好多年前,我有經歷過一段以為是深淵的時光,話癆如我竟一個月都沒說幾句話,那段時間是把每一天都當做最后一天來過。那時候我認為自殺的人,比活著的人更有勇氣,因為我,膽小如鼠。找不到一個可以自殺不痛的方式,也找不到一個自殺后不去麻煩任何人的方式,我依然怕麻煩,更怕自己就是個麻煩。

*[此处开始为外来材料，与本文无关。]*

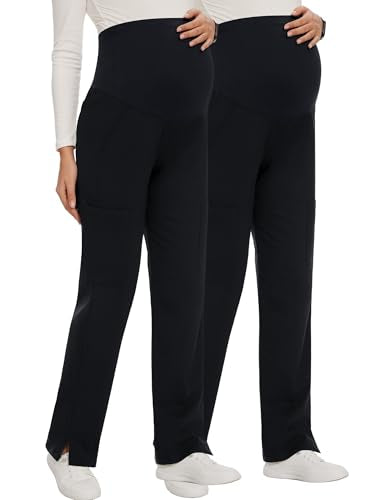 AMPOSH Women's Maternity Scrub Pants with 6 Pockets Stretchy Straight Leg Pregnancy Workwear - color: Black/Black, size: X-Large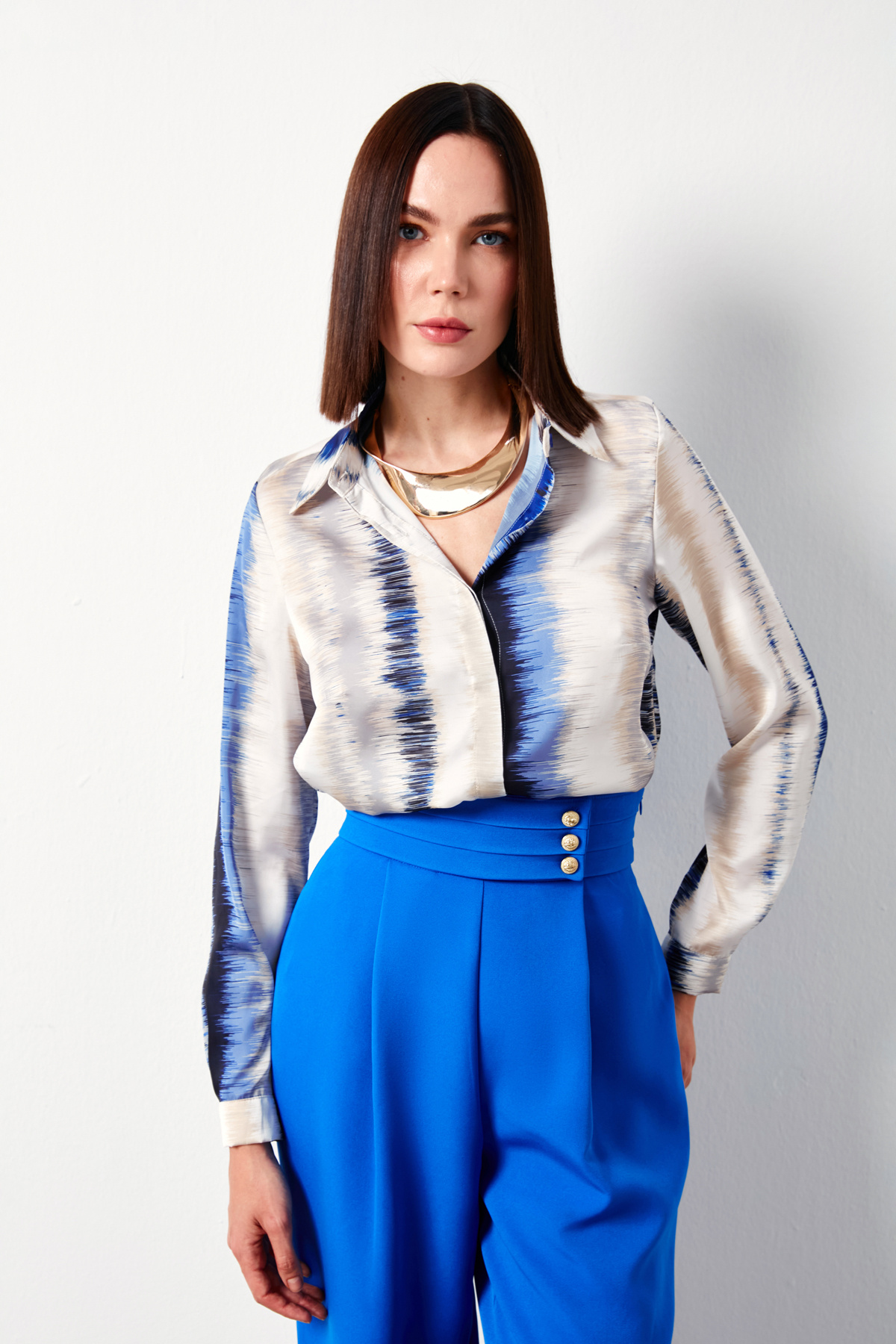 Desenli Düz Gömlek - SAX MAVİ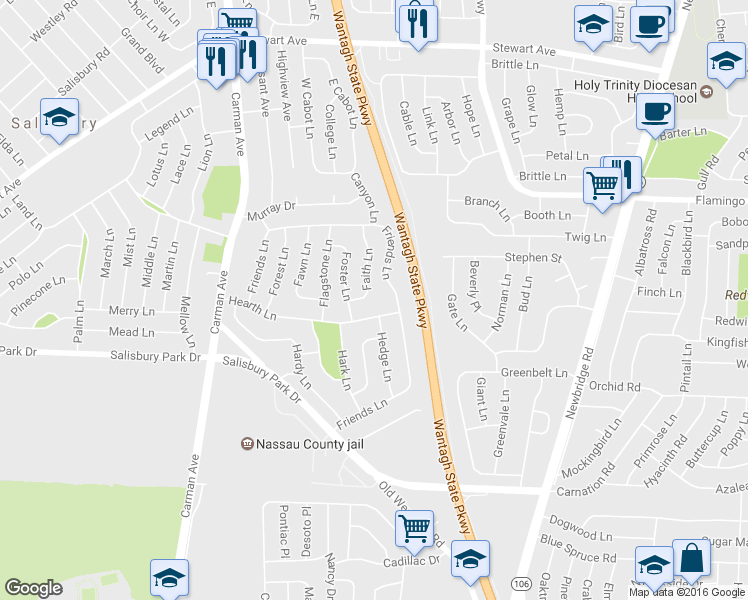 map of restaurants, bars, coffee shops, grocery stores, and more near 43 Faith Lane in Westbury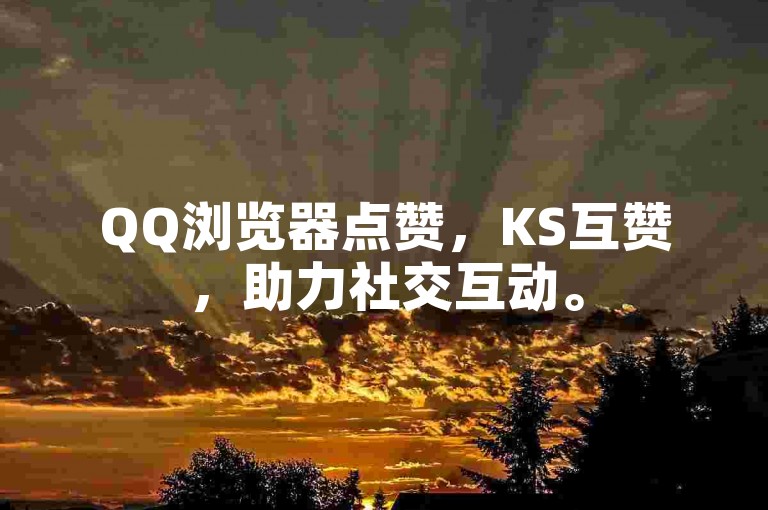 QQ浏览器点赞，KS互赞，助力社交互动。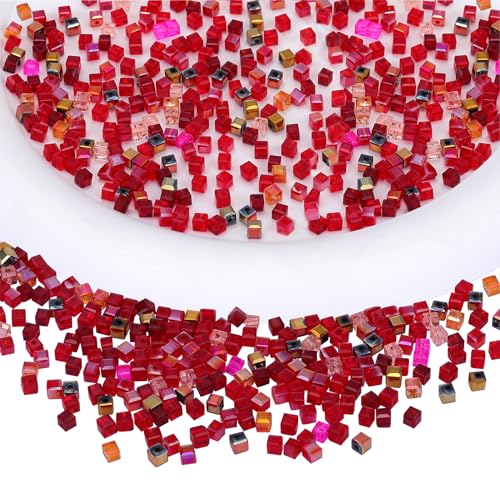 BEEFLYING 200Pcs 3mm Crystal Cube Glass Beads Square Loose Glass Spacer Beads for Jewelry Bracelet Necklace Earring DIY Craft Home Decor（0.12inch Red - color: Red, size: 3mm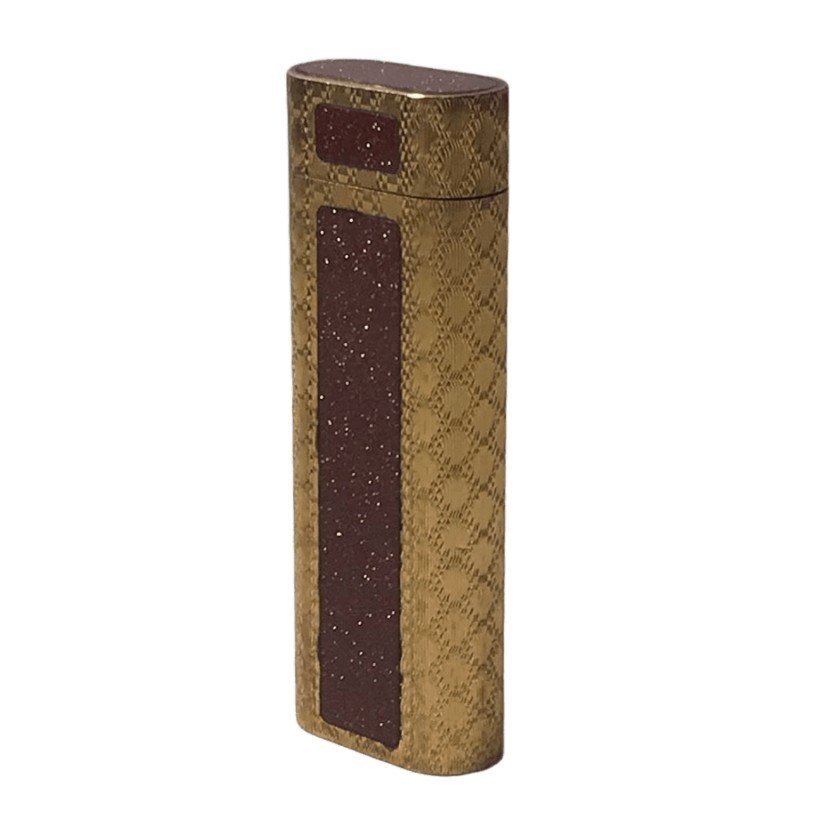 ■【買取まねきや】Cartier カルティエ オーバル ガスライター 金粉風 ラメ柄 ブラウン×ゴールドカラー 着火未確認 重量約75.44g 計1点■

原生家庭所帶來的連鎖反應,和幼時飽受欺騙和背叛及傷害導致我是不幸的。但萬幸的是,我在成長過程中遇到了很多默默治愈我的人,在不同的人生階段,他們陪伴我一起中二又瘋癲,讓我不再陷入那層深不可測的黑暗境地,以至于能讓我在無數個撐不下去的時候,都會告誡自己,14歲時那么絕望的時期都已經過來了,眼前的困境一定會過去的。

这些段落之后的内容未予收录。